THE ATTITUDE of profound gratitude to God frees us from an excessive desire to judge his way of acting. At times, when we find ourselves in unexpected personal or social situations, we might ask how God could have allowed those circumstances. Maybe we believe that other people are more blessed than we are, or that God does not to hear our petitions in prayer, and we consider Him unjust. Then we are like the laborers who worked all day and did not understand the owner's immeasurable generosity toward those hired late in the day. Instead of rejoicing that these workers would have money to pay for their next meal, they were saddened by the disappointment of their expectations for a greater reward.

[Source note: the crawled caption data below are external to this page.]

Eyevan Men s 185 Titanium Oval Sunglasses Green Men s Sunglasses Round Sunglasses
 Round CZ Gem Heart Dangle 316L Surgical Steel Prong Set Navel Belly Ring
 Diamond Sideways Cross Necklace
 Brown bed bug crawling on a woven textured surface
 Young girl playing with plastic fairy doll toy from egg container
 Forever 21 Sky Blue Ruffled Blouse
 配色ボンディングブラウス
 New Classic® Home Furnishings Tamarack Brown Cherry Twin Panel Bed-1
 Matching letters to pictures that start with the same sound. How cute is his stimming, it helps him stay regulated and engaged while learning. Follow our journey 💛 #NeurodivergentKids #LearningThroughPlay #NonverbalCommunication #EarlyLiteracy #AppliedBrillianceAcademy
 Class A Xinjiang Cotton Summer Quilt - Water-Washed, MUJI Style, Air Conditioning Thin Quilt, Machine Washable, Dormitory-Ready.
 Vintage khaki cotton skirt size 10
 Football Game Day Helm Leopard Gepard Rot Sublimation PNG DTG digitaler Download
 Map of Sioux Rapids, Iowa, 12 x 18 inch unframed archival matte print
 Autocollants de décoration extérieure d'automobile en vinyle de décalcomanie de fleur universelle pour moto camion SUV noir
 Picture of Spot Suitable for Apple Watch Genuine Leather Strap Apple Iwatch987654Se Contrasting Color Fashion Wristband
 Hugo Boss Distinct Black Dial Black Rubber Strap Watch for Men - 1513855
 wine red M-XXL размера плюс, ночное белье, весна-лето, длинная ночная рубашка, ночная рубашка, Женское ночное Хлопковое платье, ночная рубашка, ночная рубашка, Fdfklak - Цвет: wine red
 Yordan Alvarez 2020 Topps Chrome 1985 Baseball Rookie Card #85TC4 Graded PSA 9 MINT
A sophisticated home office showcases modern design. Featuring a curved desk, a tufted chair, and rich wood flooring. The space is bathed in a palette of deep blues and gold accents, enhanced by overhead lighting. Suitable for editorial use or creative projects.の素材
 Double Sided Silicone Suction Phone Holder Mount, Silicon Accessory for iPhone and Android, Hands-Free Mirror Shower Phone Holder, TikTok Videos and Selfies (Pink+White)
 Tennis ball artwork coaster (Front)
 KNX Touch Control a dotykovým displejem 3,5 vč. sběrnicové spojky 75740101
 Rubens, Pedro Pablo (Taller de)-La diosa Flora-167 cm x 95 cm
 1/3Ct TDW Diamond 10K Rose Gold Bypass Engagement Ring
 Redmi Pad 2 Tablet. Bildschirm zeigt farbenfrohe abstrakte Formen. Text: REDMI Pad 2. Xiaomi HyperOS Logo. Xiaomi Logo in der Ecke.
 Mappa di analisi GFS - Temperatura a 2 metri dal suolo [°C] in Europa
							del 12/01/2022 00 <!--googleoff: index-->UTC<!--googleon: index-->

In any case, it is illogical to blame God for any evils. Many are consequences of human freedom; our own or others' acts and omissions. In prayer, we should be convinced that God is the Lord of our history and of our lives. Although He does not owe us anything, because He is Love, He always seeks our good and transforms evil into good in surprising ways. "Justice is, in a certain way, greater than man, than the dimensions of his earthly life, than the possibilities of establishing in this life fully just relations among men, environments, societies and social groups, nations, and so on. Every man lives and dies with a certain sense of an insatiable hunger for justice, since the world is not able to satisfy fully a being created in the image of God, either in the depths of his person or in the various aspects of his human life."[4]

The prayer of those who know themselves to be children of God is characterized by trust in the One who loves us infinitely and always desires the best for us. This is how Jesus prayed in the garden of Gethsemane: Father, if thou art willing, remove this cup from me; nevertheless not my will, but thine be done (Lk 22:42). We can imagine that the Virgin Mary uttered a similar prayer from the foot of the Cross. Even though this situation was causing her terrible suffering, she trusted the Lord and knew that in the end, everything would be for the best, because "God does not let himself be outdone in generosity."[5]


[1] Pope Francis, Angelus, 24-IX-2017.

[2] Roman Missal, Eucharistic Prayer.

[3] Saint Josemaría, Friends of God, no. 167.

[4] Saint John Paul II, Audience, 8-XI-1978.

[5] Saint Josemaría, The Forge, no. 623.